How Big Was Mamma Mia?
In its 2008 theatrical run, Mamma Mia grossed a staggering $584.48 million worldwide, only $144.54 million of that coming from North American moviegoers. This feature was buoyed not just by the original stage musical’s enormously popular reputation, but also by the band ABBA’s tremendous pop culture influence. This musical group’s tunes were the basis for the Mamma Mia soundtrack, after all. Watching this Meryl Streep feature on the big screen wasn’t just a dose of nostalgia for musical theatre geeks, it also offered ABBA fans a chance to bop their heads to familiar tunes.
Even considering that reality, it’s still staggering to consider just how big Mamma Mia was globally back in 2008. Among all 2008 features, it came in eighth worldwide that year. Its significant $439.9 million international haul was the third biggest overseas gross for any movie that year, beating out the likes of Iron Man, Quantum of Solace, and Kung Fu Panda. Heck, its international gross alone surpassed the worldwide grosses of 2008 titles like The Mummy: Tomb of the Dragon Emperor and Twilight.
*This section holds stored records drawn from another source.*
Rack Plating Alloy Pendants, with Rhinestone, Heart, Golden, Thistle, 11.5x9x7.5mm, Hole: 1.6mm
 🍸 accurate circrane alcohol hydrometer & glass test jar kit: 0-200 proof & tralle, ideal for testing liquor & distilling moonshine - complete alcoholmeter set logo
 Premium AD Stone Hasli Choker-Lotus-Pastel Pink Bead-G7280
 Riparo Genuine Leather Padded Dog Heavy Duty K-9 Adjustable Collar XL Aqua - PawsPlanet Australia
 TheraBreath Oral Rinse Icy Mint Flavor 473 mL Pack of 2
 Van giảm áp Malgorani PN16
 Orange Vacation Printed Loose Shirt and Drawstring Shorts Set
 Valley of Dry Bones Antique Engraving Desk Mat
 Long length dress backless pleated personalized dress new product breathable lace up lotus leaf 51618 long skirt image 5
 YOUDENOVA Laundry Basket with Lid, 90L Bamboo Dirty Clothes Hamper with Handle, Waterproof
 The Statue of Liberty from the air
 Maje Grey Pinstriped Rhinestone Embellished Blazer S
As for other past musical movies, Mamma Mia was the first time in history up to that point that a live-action musical cleared $400 (let alone $500) million worldwide. It dethroned Grease’s $387.4 million global haul from 1978 for the honor of biggest live-action musical movie worldwide circa 2008. Mamma Mia also left 2002’s Chicago’s (which kickstarted the modern musical movie renaissance) $306.7 million global gross in the dust, though that Best Picture winner bested Mamma Mia at the domestic box office.
The box office achievements didn’t end there. Mamma Mia narrowly bested Titanic to become the biggest movie of all-time circa 2008 in the United Kingdom. It also remained the highest-grossing feature helmed by a woman until 2017’s Wonder Woman. Not only did Mamma Mia shatter box office records, but it secured achievements that would take years to topple. That includes its global box office feats in the world of live-action musicals. That particular record can’t help but inspire one question: why did it take so long for Mamma Mia to get dethroned in this subgenre?
How Mamma Mia Held Its Box Office Crown for So Long
Immediately after Mamma Mia, Hollywood and other film industries didn’t necessarily give up on live-action movie musicals. However, they went into a brief box office slump as titles like Nine and Burlesque flopped at the box office. Save for the occasional hit like Les Miserables, Hollywood wouldn’t launch another super lucrative live-action musical until 2016’s La La Land. Mamma Mia might’ve relinquished its crown a lot sooner if the film industry produced new live-action musicals as regularly as it churns out, say, superhero films or musician biopics.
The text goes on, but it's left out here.